Whatever lines the data contains, output all of them unchanged.
--------------------------------
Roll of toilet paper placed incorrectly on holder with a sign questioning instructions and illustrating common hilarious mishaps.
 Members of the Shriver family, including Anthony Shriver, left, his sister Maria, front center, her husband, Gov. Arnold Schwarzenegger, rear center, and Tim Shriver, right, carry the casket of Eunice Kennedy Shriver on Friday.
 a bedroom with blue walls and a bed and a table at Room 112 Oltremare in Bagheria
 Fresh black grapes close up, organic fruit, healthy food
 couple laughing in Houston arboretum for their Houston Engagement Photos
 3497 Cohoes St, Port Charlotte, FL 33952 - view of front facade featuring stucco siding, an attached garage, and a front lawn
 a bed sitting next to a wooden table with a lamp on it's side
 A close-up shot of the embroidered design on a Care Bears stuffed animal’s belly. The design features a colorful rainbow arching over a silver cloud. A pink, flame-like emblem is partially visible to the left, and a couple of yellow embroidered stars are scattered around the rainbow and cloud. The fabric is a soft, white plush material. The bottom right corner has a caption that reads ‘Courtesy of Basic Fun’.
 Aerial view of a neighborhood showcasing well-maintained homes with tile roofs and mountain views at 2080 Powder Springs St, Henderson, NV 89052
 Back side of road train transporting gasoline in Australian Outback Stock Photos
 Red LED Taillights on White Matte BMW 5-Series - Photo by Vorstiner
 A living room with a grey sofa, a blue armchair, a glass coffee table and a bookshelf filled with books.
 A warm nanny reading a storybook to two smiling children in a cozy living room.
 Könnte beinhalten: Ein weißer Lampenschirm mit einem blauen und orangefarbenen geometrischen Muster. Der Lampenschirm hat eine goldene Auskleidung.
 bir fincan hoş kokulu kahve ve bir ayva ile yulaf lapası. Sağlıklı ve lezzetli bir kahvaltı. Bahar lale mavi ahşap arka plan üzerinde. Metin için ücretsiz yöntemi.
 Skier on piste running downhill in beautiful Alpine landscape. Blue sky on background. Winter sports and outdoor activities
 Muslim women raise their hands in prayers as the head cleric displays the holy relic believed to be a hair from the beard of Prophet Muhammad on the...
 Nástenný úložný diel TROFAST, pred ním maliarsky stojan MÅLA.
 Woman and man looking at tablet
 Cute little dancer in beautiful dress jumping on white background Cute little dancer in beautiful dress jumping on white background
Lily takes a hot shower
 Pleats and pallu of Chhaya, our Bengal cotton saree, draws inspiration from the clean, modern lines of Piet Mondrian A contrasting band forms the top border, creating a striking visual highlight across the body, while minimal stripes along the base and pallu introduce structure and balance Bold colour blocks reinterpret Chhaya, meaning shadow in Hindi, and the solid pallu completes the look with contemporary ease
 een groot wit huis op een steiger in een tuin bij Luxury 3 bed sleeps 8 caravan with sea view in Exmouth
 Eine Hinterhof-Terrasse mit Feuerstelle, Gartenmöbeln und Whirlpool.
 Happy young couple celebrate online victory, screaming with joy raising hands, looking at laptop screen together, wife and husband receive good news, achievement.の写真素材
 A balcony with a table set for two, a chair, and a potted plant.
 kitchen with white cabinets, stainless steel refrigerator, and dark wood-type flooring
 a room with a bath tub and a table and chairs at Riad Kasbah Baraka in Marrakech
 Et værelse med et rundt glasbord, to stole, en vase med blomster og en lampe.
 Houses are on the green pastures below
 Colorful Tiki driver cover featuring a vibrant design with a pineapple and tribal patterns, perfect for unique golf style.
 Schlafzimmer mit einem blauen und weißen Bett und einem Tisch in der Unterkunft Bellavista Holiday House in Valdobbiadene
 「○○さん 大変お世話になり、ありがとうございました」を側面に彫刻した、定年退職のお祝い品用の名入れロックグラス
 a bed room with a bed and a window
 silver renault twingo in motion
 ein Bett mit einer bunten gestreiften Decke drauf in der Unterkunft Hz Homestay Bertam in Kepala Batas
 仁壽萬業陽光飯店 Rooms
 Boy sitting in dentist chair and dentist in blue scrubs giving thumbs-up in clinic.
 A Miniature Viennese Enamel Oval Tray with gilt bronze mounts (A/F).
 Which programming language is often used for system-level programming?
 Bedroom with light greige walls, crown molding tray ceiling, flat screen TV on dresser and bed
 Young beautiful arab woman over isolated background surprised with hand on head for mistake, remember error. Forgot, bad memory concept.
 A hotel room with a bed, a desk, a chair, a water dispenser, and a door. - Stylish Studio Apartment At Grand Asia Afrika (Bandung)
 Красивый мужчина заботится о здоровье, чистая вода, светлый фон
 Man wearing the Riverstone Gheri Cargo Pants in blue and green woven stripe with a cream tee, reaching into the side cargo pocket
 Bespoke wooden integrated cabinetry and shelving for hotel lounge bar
--------------------------------
§ **RESPONSE TO THIS TASK**:
Roll of toilet paper placed incorrectly on holder with a sign questioning instructions and illustrating common hilarious mishaps.
 Members of the Shriver family, including Anthony Shriver, left, his sister Maria, front center, her husband, Gov. Arnold Schwarzenegger, rear center, and Tim Shriver, right, carry the casket of Eunice Kennedy Shriver on Friday.
 a bedroom with blue walls and a bed and a table at Room 112 Oltremare in Bagheria
 Fresh black grapes close up, organic fruit, healthy food
 couple laughing in Houston arboretum for their Houston Engagement Photos
 3497 Cohoes St, Port Charlotte, FL 33952 - view of front facade featuring stucco siding, an attached garage, and a front lawn
 a bed sitting next to a wooden table with a lamp on it's side
 A close-up shot of the embroidered design on a Care Bears stuffed animal’s belly. The design features a colorful rainbow arching over a silver cloud. A pink, flame-like emblem is partially visible to the left, and a couple of yellow embroidered stars are scattered around the rainbow and cloud. The fabric is a soft, white plush material. The bottom right corner has a caption that reads ‘Courtesy of Basic Fun’.
 Aerial view of a neighborhood showcasing well-maintained homes with tile roofs and mountain views at 2080 Powder Springs St, Henderson, NV 89052
 Back side of road train transporting gasoline in Australian Outback Stock Photos
 Red LED Taillights on White Matte BMW 5-Series - Photo by Vorstiner
 A living room with a grey sofa, a blue armchair, a glass coffee table and a bookshelf filled with books.
 A warm nanny reading a storybook to two smiling children in a cozy living room.
 Könnte beinhalten: Ein weißer Lampenschirm mit einem blauen und orangefarbenen geometrischen Muster. Der Lampenschirm hat eine goldene Auskleidung.
 bir fincan hoş kokulu kahve ve bir ayva ile yulaf lapası. Sağlıklı ve lezzetli bir kahvaltı. Bahar lale mavi ahşap arka plan üzerinde. Metin için ücretsiz yöntemi.
 Skier on piste running downhill in beautiful Alpine landscape. Blue sky on background. Winter sports and outdoor activities
 Muslim women raise their hands in prayers as the head cleric displays the holy relic believed to be a hair from the beard of Prophet Muhammad on the...
 Nástenný úložný diel TROFAST, pred ním maliarsky stojan MÅLA.
 Woman and man looking at tablet
 Cute little dancer in beautiful dress jumping on white background Cute little dancer in beautiful dress jumping on white background
Lily takes a hot shower
 Pleats and pallu of Chhaya, our Bengal cotton saree, draws inspiration from the clean, modern lines of Piet Mondrian A contrasting band forms the top border, creating a striking visual highlight across the body, while minimal stripes along the base and pallu introduce structure and balance Bold colour blocks reinterpret Chhaya, meaning shadow in Hindi, and the solid pallu completes the look with contemporary ease
 een groot wit huis op een steiger in een tuin bij Luxury 3 bed sleeps 8 caravan with sea view in Exmouth
 Eine Hinterhof-Terrasse mit Feuerstelle, Gartenmöbeln und Whirlpool.
 Happy young couple celebrate online victory, screaming with joy raising hands, looking at laptop screen together, wife and husband receive good news, achievement.の写真素材
 A balcony with a table set for two, a chair, and a potted plant.
 kitchen with white cabinets, stainless steel refrigerator, and dark wood-type flooring
 a room with a bath tub and a table and chairs at Riad Kasbah Baraka in Marrakech
 Et værelse med et rundt glasbord, to stole, en vase med blomster og en lampe.
 Houses are on the green pastures below
 Colorful Tiki driver cover featuring a vibrant design with a pineapple and tribal patterns, perfect for unique golf style.
 Schlafzimmer mit einem blauen und weißen Bett und einem Tisch in der Unterkunft Bellavista Holiday House in Valdobbiadene
 「○○さん 大変お世話になり、ありがとうございました」を側面に彫刻した、定年退職のお祝い品用の名入れロックグラス
 a bed room with a bed and a window
 silver renault twingo in motion
 ein Bett mit einer bunten gestreiften Decke drauf in der Unterkunft Hz Homestay Bertam in Kepala Batas
 仁壽萬業陽光飯店 Rooms
 Boy sitting in dentist chair and dentist in blue scrubs giving thumbs-up in clinic.
 A Miniature Viennese Enamel Oval Tray with gilt bronze mounts (A/F).
 Which programming language is often used for system-level programming?
 Bedroom with light greige walls, crown molding tray ceiling, flat screen TV on dresser and bed
 Young beautiful arab woman over isolated background surprised with hand on head for mistake, remember error. Forgot, bad memory concept.
 A hotel room with a bed, a desk, a chair, a water dispenser, and a door. - Stylish Studio Apartment At Grand Asia Afrika (Bandung)
 Красивый мужчина заботится о здоровье, чистая вода, светлый фон
 Man wearing the Riverstone Gheri Cargo Pants in blue and green woven stripe with a cream tee, reaching into the side cargo pocket
 Bespoke wooden integrated cabinetry and shelving for hotel lounge bar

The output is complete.